Mendelson had a good voice. He put the rest of the singers to shame. But he sang with his eyes closed, clearly unconcerned with the reaction of the audience, attentive only to the words he was singing and, perhaps, the way the microphone trembled in his hand, the way the sound came back to him from the walls, the way it feels to sing a song you love.

Later Joe watched Mendelson return to his stool at the bar, pick up his drink, light a cigarette, and stare into the middle distance. He was alone. He talked to no one and no one talked to him. After a while he got up, put some money on the bar, and walked out. Before the door had shut behind him, his drink had been cleared away, his stool occupied, and the sound of his voice purged by a fat man who had a twang like a banjo and could barely sing for hiccups.

Anthony Mark Mendelson had at one time been known as the Centurian, the finest wrestler in his corner of Kentucky and for a hundred
miles beyond. Had he been an indifferent competitor, less able, less ambitious, he might have spent some of his youth exploring other arts. But he was a great wrestler, and that was enough.

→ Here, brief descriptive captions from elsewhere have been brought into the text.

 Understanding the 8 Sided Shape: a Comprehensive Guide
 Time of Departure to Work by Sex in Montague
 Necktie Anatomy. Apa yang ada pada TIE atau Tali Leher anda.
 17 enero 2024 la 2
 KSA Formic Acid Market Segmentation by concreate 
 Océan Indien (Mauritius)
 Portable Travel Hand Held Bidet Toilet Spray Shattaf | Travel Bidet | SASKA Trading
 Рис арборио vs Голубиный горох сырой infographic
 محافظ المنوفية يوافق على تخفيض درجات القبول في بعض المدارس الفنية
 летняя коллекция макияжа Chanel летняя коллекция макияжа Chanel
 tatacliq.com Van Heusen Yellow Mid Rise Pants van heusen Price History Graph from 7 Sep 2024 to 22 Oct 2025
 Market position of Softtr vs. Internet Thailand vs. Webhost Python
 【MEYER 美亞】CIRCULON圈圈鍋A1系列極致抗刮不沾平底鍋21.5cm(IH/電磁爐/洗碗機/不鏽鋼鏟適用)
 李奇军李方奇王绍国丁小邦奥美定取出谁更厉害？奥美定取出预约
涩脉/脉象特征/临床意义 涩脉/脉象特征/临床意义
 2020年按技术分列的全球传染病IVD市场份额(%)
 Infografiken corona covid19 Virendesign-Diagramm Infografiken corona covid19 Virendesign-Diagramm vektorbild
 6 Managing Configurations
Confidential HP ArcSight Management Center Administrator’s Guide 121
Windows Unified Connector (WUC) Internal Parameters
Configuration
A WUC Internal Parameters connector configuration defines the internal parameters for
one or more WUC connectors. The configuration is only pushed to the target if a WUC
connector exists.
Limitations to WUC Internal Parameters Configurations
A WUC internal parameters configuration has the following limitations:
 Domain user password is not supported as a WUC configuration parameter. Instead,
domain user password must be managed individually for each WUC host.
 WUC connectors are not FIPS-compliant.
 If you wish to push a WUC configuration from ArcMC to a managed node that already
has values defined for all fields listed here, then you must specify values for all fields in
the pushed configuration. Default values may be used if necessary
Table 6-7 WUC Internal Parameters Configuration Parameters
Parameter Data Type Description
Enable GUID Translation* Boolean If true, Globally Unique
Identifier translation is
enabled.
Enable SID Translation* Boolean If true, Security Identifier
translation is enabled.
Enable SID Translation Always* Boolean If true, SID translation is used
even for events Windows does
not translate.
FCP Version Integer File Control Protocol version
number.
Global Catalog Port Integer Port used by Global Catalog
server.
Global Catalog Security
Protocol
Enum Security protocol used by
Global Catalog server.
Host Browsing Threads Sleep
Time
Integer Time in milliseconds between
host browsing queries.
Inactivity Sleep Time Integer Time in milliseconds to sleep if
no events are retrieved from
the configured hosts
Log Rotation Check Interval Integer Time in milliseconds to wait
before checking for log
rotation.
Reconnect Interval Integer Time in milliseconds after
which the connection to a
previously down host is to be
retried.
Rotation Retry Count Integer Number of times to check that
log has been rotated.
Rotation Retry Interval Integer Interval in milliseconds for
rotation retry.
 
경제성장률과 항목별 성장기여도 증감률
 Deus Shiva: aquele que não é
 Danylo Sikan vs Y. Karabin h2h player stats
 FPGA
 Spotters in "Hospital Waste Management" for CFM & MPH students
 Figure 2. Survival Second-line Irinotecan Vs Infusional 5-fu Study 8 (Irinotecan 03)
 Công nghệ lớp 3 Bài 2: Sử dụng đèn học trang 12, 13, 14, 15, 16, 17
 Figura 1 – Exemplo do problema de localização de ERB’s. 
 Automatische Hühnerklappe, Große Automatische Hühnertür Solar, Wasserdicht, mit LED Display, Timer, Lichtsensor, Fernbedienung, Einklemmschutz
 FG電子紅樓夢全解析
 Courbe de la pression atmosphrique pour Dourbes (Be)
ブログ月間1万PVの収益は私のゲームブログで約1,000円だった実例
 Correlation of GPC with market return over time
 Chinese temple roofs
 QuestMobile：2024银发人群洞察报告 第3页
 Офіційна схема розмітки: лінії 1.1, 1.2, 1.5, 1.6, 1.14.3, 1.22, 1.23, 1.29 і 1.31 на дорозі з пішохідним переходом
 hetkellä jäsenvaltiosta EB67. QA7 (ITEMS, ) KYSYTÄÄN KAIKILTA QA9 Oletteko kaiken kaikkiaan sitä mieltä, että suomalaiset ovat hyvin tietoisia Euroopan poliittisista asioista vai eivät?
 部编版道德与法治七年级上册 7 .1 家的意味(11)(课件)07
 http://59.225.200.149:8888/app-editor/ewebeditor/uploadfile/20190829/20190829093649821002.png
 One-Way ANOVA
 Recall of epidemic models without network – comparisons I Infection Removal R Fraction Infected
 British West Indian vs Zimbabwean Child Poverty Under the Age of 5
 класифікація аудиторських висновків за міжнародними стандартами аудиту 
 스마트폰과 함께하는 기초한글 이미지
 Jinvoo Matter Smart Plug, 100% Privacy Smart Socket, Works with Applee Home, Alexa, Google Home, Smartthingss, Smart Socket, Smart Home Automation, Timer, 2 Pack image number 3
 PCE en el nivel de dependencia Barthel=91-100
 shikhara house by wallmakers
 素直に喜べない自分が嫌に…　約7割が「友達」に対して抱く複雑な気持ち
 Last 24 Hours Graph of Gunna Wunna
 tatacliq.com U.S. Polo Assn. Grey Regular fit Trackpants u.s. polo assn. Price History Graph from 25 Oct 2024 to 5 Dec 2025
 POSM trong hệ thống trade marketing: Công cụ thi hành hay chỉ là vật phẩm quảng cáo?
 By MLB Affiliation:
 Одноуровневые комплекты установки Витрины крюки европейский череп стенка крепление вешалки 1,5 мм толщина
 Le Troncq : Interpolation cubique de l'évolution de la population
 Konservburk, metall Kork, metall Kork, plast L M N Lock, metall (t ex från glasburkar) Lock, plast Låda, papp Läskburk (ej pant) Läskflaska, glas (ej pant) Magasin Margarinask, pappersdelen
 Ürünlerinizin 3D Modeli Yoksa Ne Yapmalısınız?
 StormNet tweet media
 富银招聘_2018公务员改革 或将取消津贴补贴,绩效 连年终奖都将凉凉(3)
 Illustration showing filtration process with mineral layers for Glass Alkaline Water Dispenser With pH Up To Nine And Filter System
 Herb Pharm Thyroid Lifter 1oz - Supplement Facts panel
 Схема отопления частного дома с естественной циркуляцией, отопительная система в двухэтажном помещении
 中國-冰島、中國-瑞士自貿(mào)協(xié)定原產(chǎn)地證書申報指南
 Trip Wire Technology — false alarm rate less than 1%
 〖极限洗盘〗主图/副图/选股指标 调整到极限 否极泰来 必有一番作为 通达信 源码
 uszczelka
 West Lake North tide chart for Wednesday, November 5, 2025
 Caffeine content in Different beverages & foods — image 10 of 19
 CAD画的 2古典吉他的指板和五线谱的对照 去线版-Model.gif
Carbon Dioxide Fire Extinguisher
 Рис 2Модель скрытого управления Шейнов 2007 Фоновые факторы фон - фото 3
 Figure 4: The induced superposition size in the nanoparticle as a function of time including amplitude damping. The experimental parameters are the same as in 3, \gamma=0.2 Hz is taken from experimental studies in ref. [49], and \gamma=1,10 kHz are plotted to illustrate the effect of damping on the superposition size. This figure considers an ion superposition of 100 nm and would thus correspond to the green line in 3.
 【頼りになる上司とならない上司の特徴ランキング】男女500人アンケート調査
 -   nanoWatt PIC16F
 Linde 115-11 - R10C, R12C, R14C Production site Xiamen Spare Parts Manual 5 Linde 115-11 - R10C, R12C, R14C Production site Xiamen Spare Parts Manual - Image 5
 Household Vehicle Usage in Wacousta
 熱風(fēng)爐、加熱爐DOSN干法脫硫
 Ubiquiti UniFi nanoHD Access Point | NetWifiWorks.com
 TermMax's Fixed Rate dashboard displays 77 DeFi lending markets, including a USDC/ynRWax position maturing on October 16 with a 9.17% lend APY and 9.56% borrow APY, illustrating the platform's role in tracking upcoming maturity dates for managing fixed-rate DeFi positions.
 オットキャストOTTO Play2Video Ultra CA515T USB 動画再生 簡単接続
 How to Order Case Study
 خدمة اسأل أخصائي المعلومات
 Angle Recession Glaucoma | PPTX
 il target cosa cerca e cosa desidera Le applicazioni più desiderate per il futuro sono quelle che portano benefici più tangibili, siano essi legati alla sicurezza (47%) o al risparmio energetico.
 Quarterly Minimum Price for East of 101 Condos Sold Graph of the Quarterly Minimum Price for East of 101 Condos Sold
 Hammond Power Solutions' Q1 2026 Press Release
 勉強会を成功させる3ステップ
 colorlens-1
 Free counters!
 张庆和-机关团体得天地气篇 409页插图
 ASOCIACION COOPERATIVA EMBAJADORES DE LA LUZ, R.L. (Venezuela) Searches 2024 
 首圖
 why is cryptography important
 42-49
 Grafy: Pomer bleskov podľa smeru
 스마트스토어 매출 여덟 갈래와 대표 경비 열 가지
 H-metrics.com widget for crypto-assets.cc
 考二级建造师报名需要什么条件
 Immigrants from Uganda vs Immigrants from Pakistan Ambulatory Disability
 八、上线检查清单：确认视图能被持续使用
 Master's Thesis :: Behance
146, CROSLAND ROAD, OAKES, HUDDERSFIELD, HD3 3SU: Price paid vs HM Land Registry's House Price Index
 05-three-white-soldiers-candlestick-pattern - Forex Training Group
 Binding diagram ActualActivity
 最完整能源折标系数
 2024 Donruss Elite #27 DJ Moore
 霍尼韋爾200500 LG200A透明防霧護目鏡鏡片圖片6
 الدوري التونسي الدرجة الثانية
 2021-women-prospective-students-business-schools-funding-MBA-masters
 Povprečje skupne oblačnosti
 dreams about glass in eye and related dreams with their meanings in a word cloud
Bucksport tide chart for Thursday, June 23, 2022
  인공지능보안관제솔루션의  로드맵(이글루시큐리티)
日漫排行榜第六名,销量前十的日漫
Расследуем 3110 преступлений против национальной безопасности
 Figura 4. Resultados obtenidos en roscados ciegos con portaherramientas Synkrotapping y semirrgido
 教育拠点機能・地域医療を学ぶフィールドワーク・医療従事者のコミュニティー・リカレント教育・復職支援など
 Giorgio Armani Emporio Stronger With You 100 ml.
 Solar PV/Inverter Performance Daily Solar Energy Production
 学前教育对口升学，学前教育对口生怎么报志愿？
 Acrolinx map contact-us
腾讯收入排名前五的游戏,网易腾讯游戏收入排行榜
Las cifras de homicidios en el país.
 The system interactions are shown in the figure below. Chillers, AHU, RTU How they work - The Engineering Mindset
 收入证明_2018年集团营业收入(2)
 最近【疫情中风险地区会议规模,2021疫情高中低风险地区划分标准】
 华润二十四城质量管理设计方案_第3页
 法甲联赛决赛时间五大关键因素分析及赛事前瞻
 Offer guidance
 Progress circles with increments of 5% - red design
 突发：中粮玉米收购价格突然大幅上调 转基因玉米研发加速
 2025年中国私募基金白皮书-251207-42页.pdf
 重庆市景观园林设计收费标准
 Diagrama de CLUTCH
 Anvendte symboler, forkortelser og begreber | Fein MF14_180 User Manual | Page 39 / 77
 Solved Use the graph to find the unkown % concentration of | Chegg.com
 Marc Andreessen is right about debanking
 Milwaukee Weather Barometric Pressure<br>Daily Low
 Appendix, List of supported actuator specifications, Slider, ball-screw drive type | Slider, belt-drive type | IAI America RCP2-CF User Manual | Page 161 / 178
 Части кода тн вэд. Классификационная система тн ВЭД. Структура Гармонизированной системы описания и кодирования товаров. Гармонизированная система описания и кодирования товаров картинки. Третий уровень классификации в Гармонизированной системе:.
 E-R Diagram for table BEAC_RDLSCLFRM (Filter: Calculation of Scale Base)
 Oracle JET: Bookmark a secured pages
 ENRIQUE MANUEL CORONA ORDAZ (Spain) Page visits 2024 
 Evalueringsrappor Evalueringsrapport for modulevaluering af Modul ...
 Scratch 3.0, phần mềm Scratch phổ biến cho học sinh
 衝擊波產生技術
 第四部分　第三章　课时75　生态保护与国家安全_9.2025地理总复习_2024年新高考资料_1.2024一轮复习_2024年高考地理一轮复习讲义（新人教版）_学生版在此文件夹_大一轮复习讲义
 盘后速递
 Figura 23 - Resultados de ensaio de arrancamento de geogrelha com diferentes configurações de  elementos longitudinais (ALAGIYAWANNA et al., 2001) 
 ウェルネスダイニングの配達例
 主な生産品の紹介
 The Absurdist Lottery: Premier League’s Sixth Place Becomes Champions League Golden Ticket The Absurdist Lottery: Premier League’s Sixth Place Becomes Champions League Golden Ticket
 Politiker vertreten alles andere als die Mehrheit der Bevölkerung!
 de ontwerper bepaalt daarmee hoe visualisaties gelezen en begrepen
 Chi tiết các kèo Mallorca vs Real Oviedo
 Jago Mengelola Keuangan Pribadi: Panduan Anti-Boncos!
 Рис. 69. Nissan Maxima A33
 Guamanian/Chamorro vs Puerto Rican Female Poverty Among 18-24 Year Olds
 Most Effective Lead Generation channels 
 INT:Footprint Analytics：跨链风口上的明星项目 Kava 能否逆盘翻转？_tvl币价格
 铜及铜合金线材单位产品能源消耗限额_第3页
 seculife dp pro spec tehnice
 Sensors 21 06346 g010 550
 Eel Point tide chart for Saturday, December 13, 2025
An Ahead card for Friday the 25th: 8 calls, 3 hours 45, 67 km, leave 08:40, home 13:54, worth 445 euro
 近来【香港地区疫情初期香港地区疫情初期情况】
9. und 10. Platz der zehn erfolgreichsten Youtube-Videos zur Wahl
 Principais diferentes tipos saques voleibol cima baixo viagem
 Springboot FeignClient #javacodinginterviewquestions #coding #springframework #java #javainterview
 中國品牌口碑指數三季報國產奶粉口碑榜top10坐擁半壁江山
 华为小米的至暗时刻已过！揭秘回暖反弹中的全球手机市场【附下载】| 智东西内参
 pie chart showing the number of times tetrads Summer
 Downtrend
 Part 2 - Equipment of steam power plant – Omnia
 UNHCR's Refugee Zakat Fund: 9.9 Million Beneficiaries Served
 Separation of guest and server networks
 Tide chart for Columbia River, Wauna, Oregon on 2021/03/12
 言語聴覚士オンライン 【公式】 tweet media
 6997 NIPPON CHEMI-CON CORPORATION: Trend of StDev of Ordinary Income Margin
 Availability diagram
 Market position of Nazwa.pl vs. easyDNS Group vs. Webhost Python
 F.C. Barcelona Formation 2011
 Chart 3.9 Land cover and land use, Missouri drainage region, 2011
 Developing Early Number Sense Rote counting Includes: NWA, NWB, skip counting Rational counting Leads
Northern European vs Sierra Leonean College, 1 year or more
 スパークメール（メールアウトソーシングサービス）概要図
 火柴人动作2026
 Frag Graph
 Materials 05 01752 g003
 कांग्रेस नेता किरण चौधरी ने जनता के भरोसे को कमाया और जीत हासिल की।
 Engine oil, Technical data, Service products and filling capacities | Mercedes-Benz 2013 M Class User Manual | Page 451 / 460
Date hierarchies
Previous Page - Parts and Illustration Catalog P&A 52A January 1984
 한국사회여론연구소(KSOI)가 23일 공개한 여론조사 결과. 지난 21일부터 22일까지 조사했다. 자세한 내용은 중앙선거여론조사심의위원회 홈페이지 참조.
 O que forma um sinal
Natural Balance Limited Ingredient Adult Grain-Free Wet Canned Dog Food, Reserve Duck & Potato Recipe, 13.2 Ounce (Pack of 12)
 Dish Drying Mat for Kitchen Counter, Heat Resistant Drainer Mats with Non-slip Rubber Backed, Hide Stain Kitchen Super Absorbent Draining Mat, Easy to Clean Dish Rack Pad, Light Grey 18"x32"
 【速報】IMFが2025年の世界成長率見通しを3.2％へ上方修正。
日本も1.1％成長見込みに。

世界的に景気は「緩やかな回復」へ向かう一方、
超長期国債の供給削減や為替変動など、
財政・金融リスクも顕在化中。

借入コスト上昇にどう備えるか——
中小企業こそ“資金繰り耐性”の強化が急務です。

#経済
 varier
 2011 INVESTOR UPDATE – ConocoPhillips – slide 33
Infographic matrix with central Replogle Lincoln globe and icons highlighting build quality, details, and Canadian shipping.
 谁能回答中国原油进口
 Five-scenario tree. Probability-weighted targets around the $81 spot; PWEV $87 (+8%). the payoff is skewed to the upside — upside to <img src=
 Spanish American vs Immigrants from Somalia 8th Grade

Wrestling is an odd sport, not quite fighting, not quite not. A quiet sport, but for the grunting and the slap of flesh. An unflattering, unglamorous business, memorable for the sight of buttocks, of tendons rigid as machinery. But to wrestlers, it is a sport like no other. Its roots twine back through the ages, touch Olympia, blend the salt of dead champions and live boys, herald the unaided, unadorned, unqualified virtue of might. Throw in nicknames like Gibraltar, Pretzel, the Centurian, and wrestling becomes, to even its youngest and its most ungainly participants, a secret society, closed to outsiders, sacred and sublime.